Pain is one of the major symptoms of OA and is the reason why most OA patients seek medical advice. But what exactly causes OA related pain? There might be many substances that are produced during OA that could initiate pain –but which of these are the most important? Finding new drugs for the treatment of OA pain is an important endeavor as most current drugs for treating pain are either ineffective in OA or are inappropriate for use under chronic conditions. Examination of OA patients demonstrated that during the development of the disease there was increased NGF in synovial fluid, at the osteochondral junctional synovium and cartilage. Might NGF therefore be an important factor in producing OA pain? This possibility was tested by injecting OA patients with an antibody which could target NGF and prevent it from activating its receptors. The results of these clinical trials were spectacular. Many patients reported considerable relief of primary pain symptoms. Seeing that OA is a very significant medical problem affecting millions of people throughout the world, it looked like monoclonal antibodies against NGF (the most common one is called Tanezumab) might be very useful indeed. But then something odd happened. Closer examination of the patients participating in the clinical trials showed that, although their pain was reduced, a group of them had actually developed more serious OA symptoms. This turned out to be particularly common when higher doses of the antibody were used or if it was used in combination with an NSAID (non steroidal anti-inflammatory drug), a common treatment of patients with OA. It should be noted, however, that the use of NSAIDS alone is not known to produce such effects. One of the most surprising things noted about the adverse effects of NGF antibodies is that they were not necessarily associated with the joint in which the symptoms of OA were originally reported but could manifest themselves in other joints throughout the body.

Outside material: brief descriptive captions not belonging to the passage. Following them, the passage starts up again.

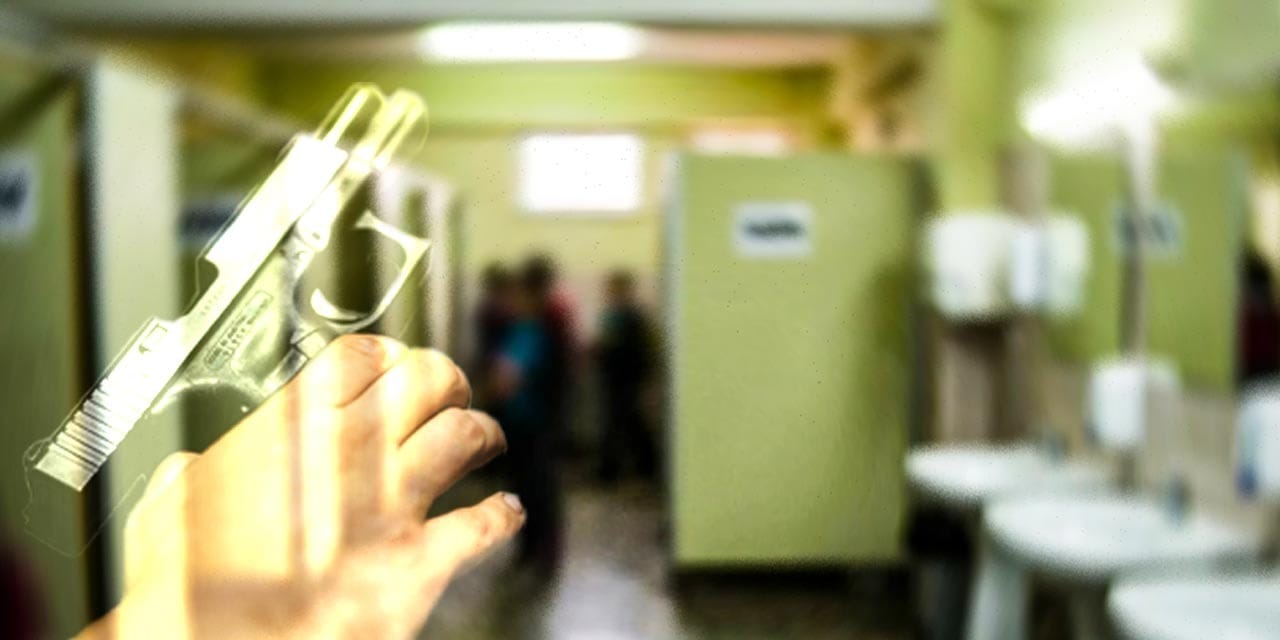 Okuldaki kızlar tuvaletinde tabanca! Yanında bir de not çıktı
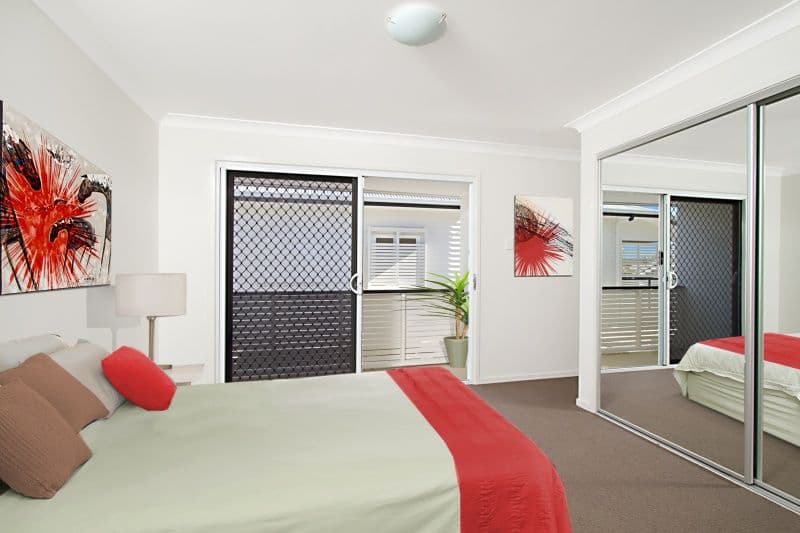 18 Palmer Street, GREENSLOPES QLD 4120, Greenslopes - Thumbnail 4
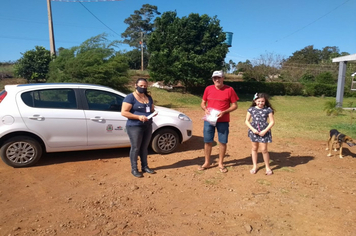 Foto - Máscaras entregues: População elogia iniciativa da Administração Municipal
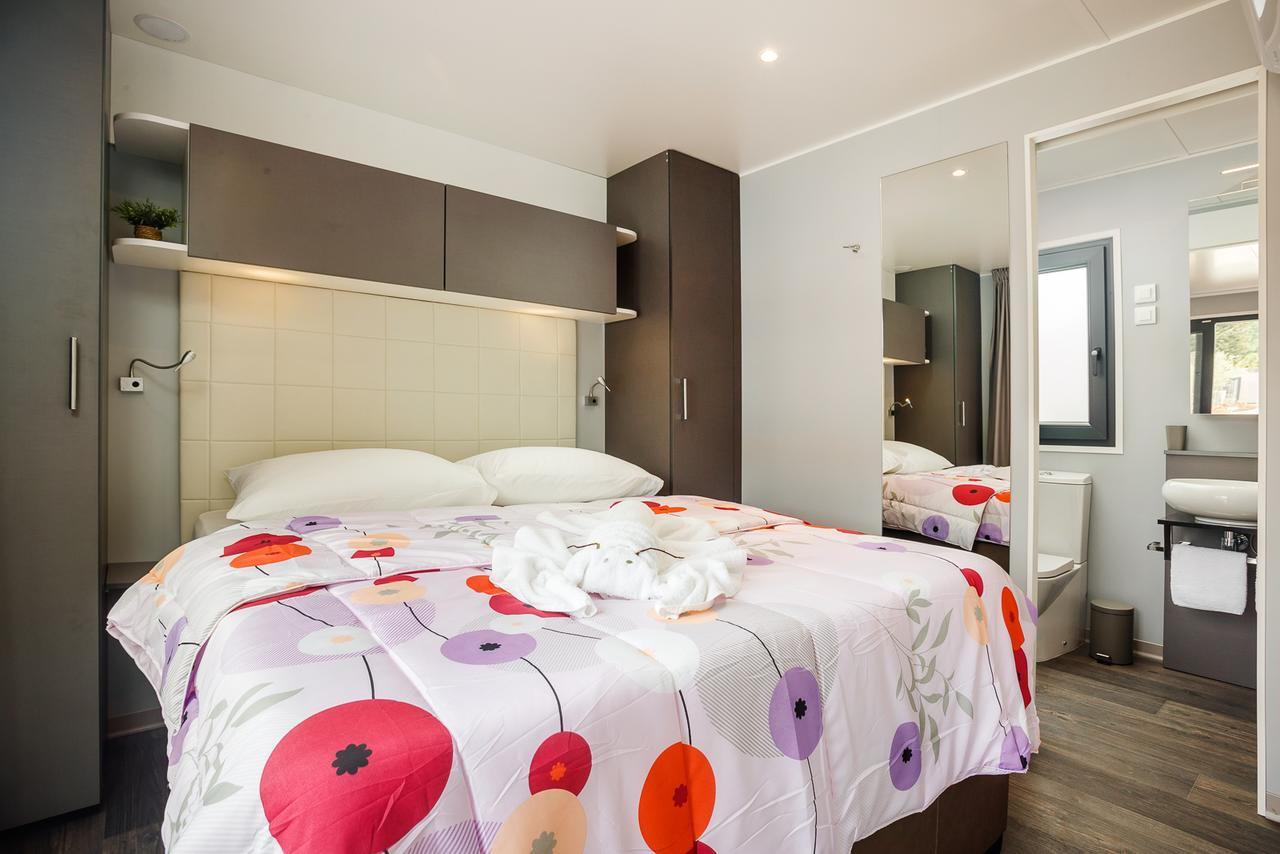 Mobile Homes Camping Santa Marina, Lanterna Tar-Vabriga Exteriör bild A bedroom in a static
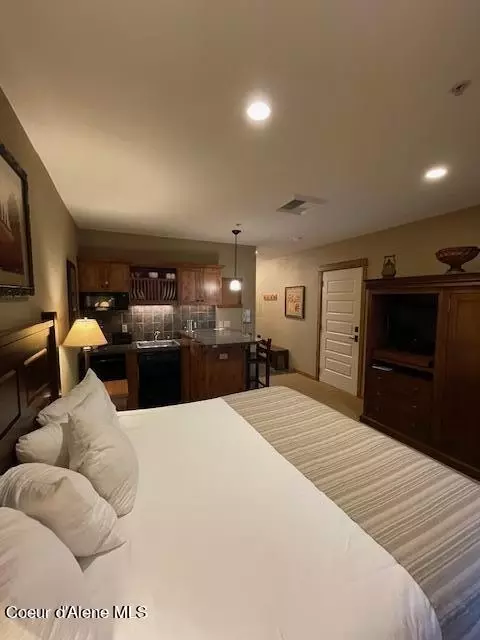 110 Morning Star Dr #161, Kellogg, ID 83837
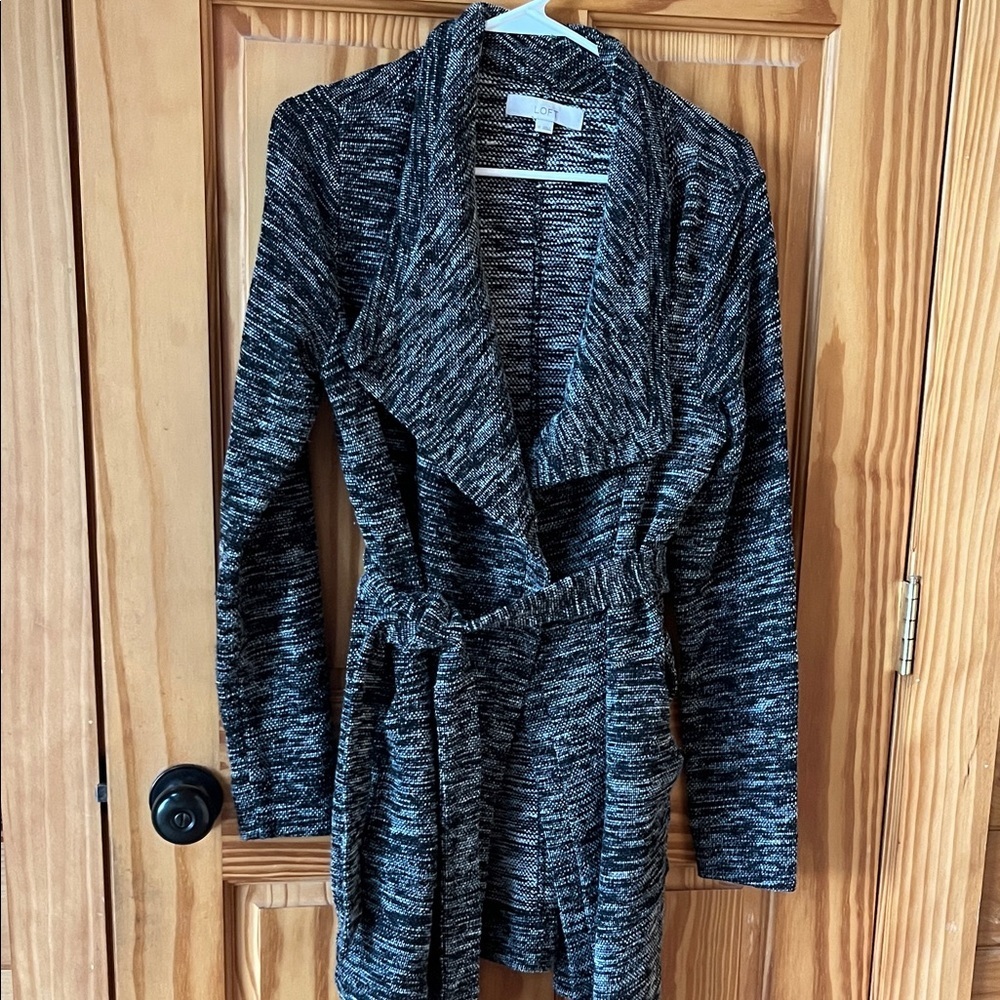 Loft Women's Black and Gray Sweater - Size Medium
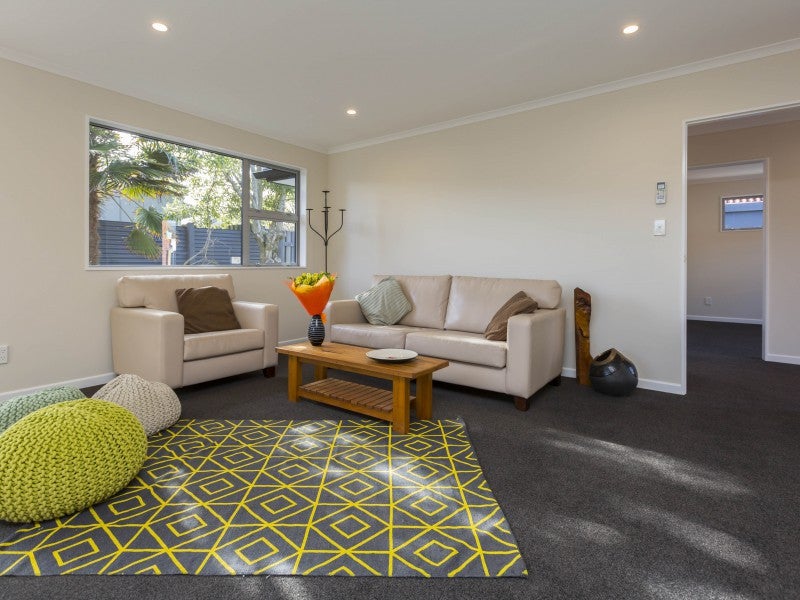 15A Oak Street, Ebdentown, Upper Hutt - Carousel 2
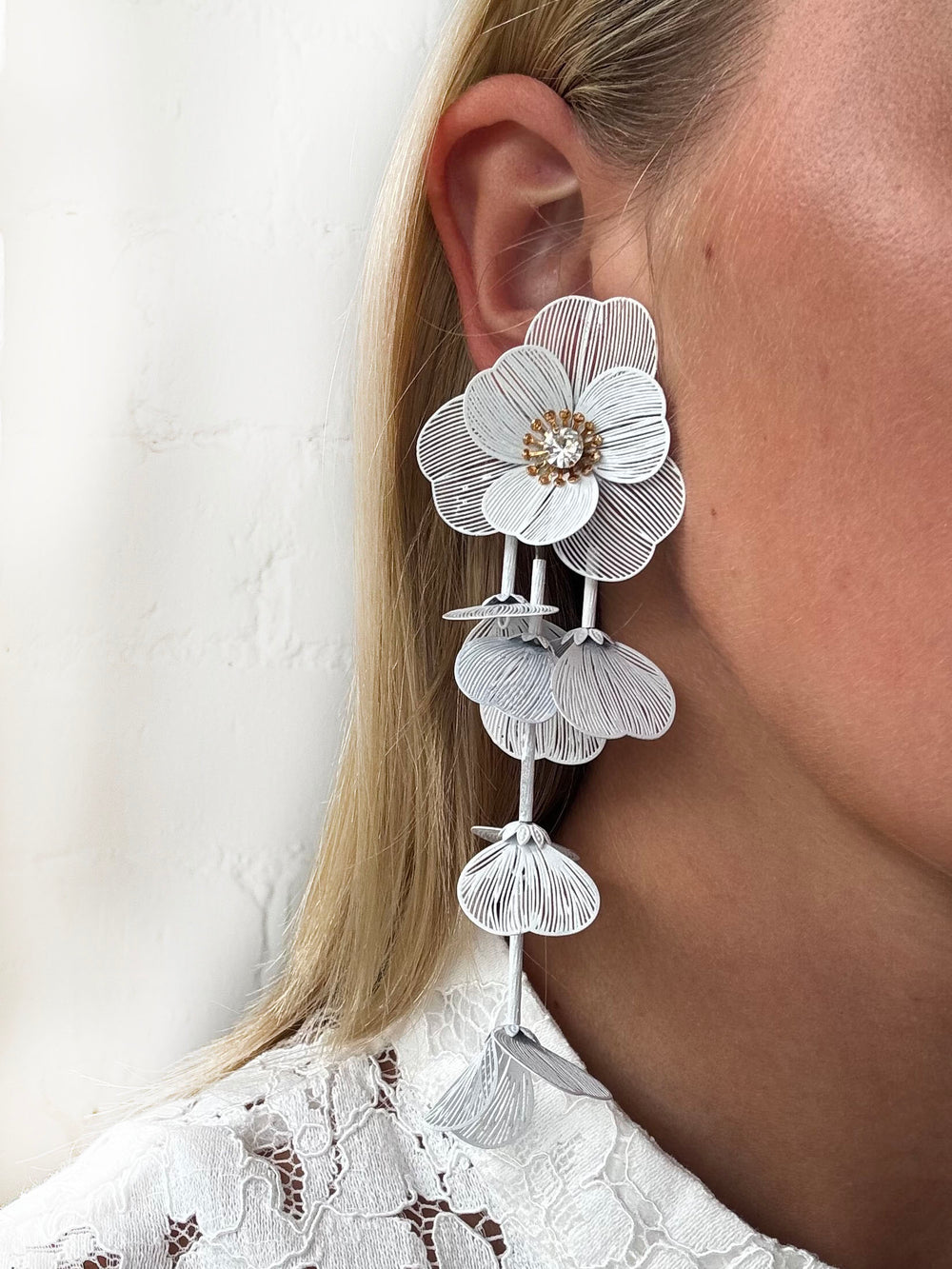 FILIGREE DROP EARRING WHITE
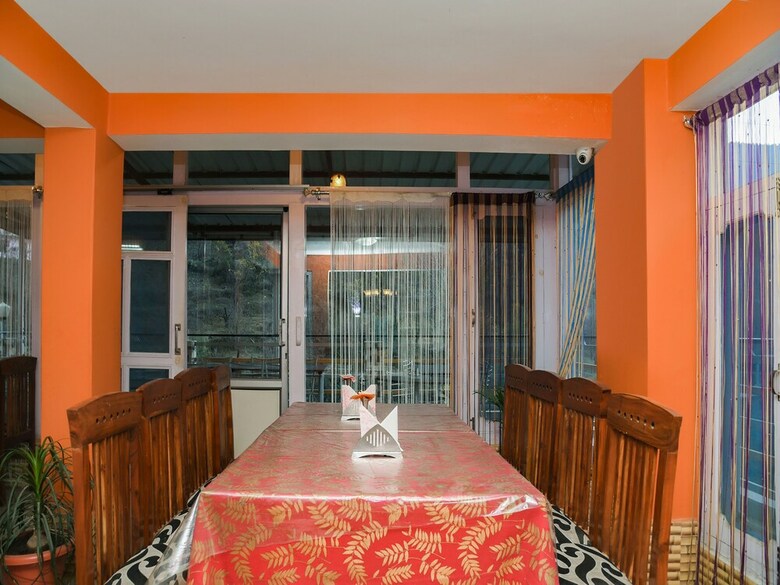 Oyo 25126 Hotel Mansarovar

Why do these adverse effects of NGF antibodies occur? Investigations of the effects of NGF in joint structures have revealed that not only is NGF produced by many of the cellular elements of the joint (see above) but it can also act upon them-TrkA and p75 being expressed in many types of joint cells. They are also expressed by immune cells that perform immune surveillance functions in the joint or enter the structure in association with inflammation of diseased joints. It is likely, therefore, that NGF can act as a coordinator of the entire function of the joint allowing it to sustain its dissipative structure. When this function is removed, either in an aging joint or under the influence of an NGF antibody, the coordinated functions of the joint decline in toto.

A theoretical goal of OA therapeutics is to prevent the deterioration of joints and to allow them to function perfectly forever-in effect to produce a human perpetuum mobile. Therapeutic approaches to declining joint function have traditionally targeted individual sites of action in particular joint tissues. But the results with NGF antibodies have shown us that OA is a disease of the entire joint, not just one individual component of it. The realization that the evolution of the joint has been as a thermodynamically efficient structure under the control of an overall program directed by key organizing molecules may eventually give rise to therapies that allow us to become, if not perpetuum mobiles, at least free of joint disease for the entire course of our lives.